What you should do> Word for word, retype the lines from the one containing "Photo 15 of this FORD TRANSIT CONNECT" to the one containing "Basic-Doppelzimmer, Gartenblick |" below, keeping both end lines and dropping the pictures.

Provided data>

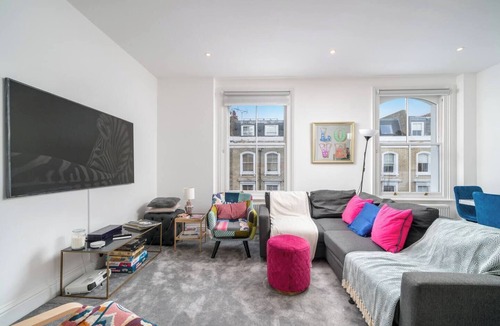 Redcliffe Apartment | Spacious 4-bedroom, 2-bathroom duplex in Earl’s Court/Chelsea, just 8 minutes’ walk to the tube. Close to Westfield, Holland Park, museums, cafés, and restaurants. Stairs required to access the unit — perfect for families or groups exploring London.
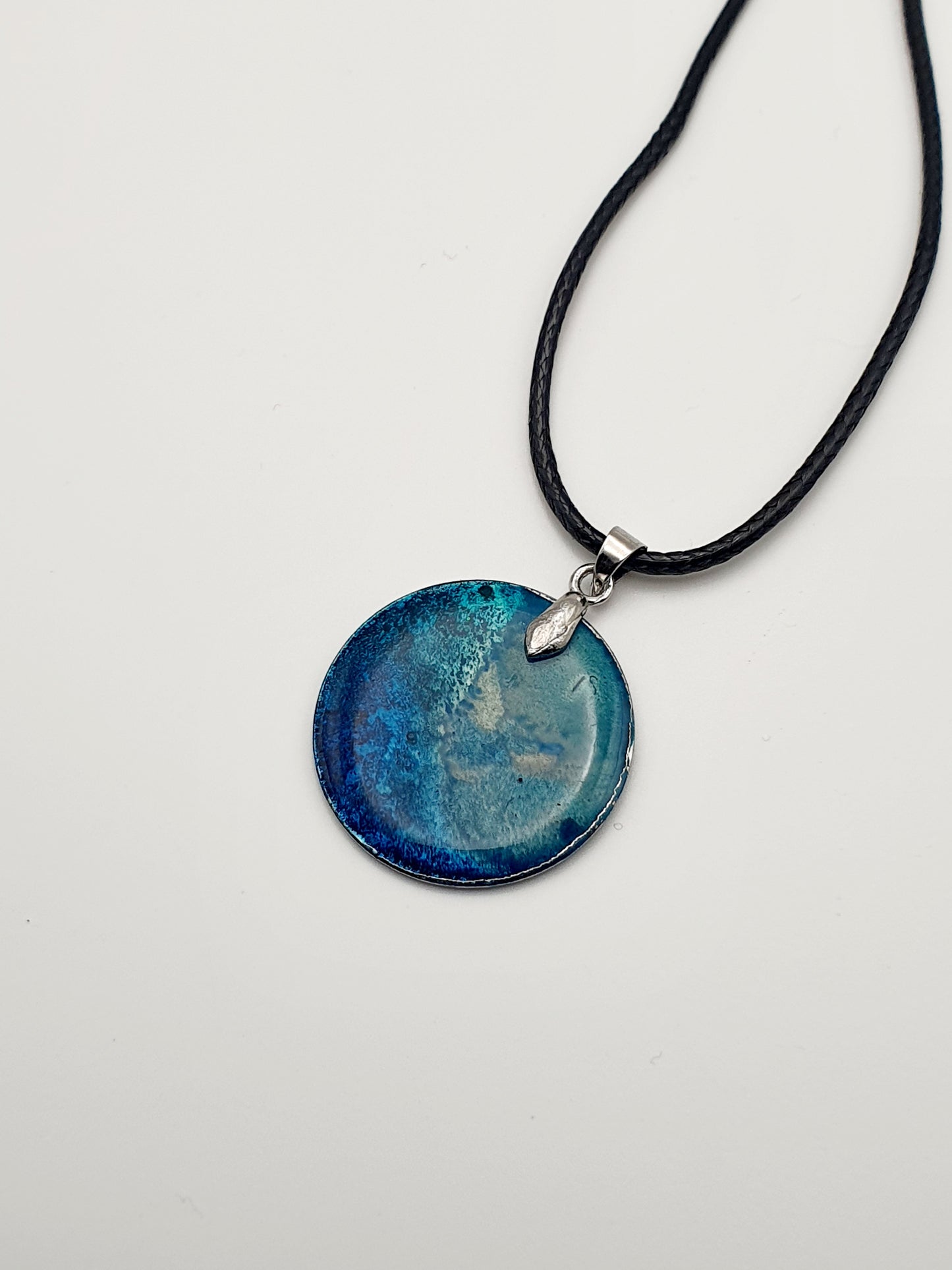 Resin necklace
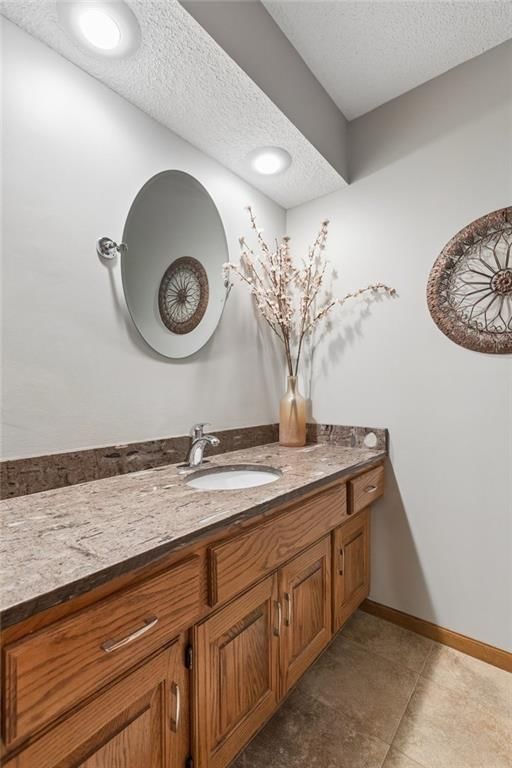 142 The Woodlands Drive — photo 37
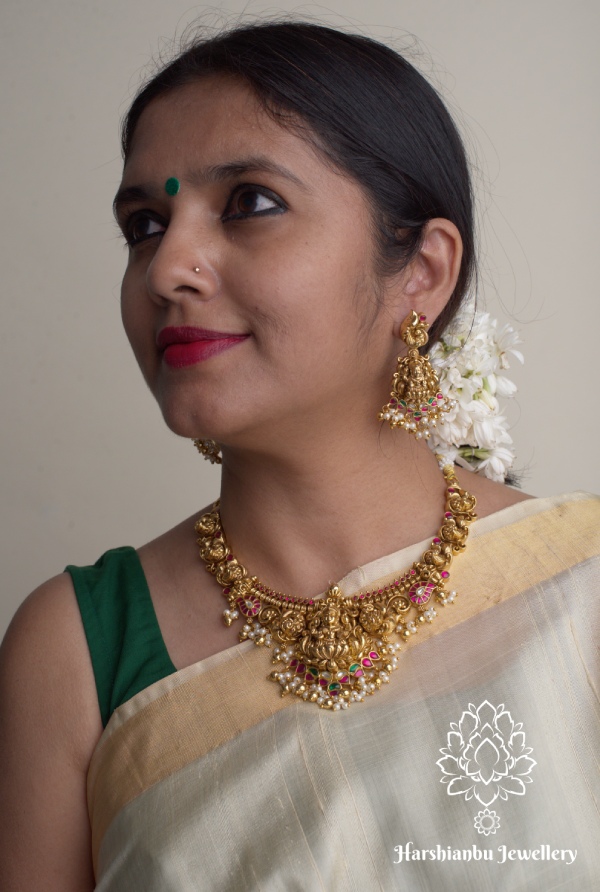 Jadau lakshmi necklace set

---

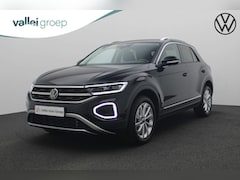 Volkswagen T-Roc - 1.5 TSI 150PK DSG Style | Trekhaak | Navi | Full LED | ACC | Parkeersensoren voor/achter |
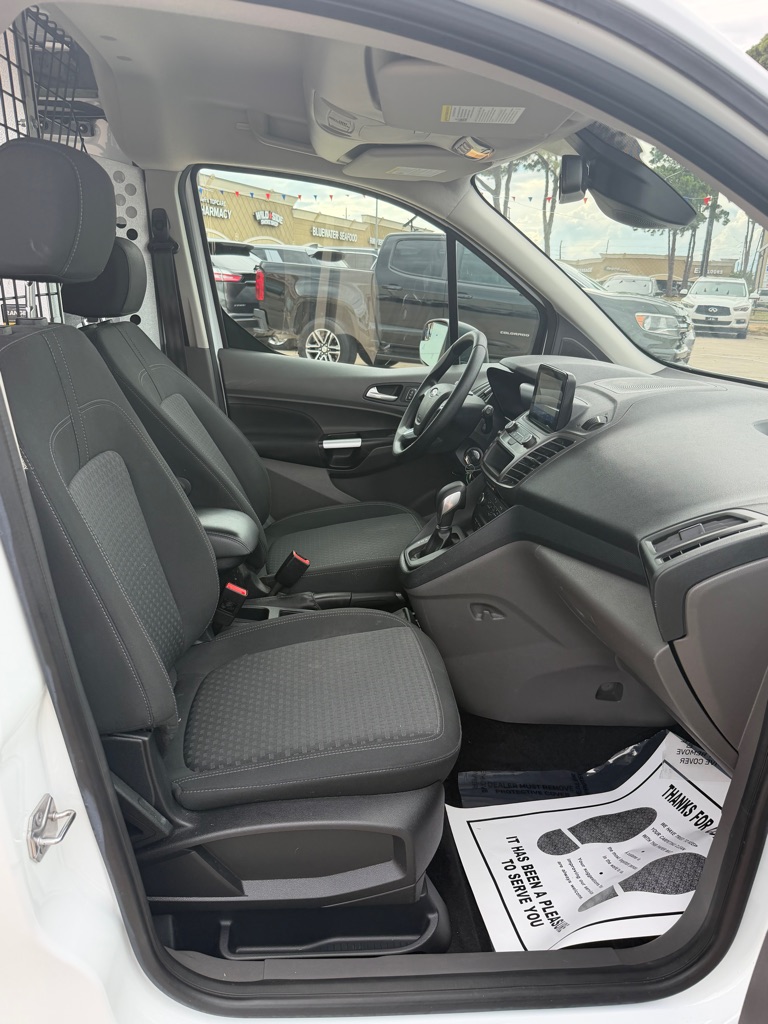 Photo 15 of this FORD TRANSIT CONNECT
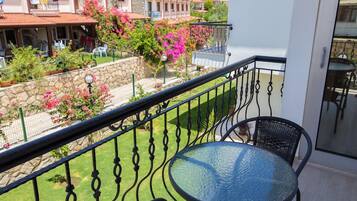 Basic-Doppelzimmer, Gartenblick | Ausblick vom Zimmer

--

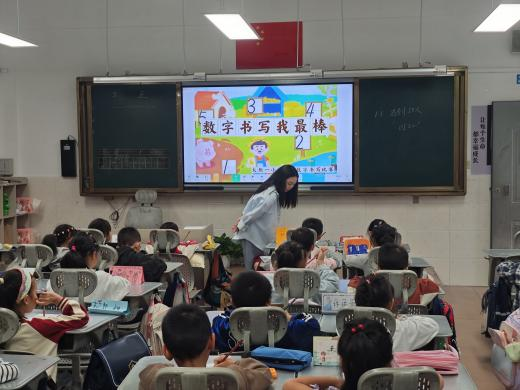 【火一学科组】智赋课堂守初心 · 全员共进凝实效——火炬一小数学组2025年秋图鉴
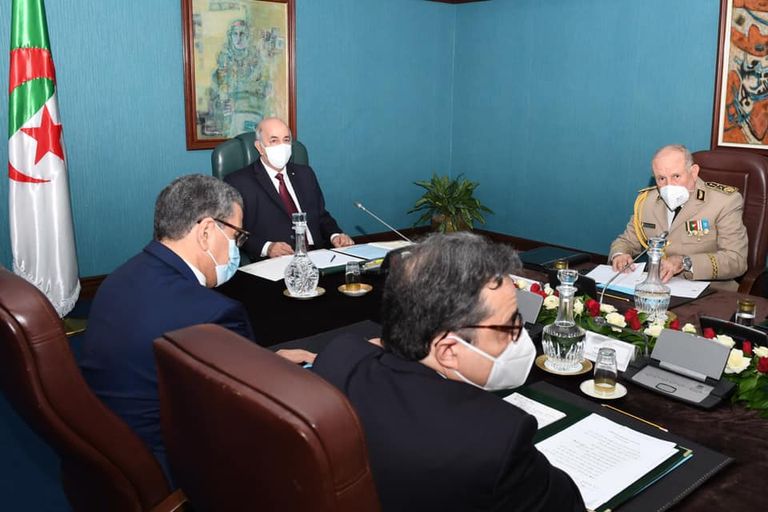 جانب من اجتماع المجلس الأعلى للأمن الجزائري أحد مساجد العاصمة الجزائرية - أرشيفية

Response>
 Photo 15 of this FORD TRANSIT CONNECT
 Basic-Doppelzimmer, Gartenblick | Ausblick vom Zimmer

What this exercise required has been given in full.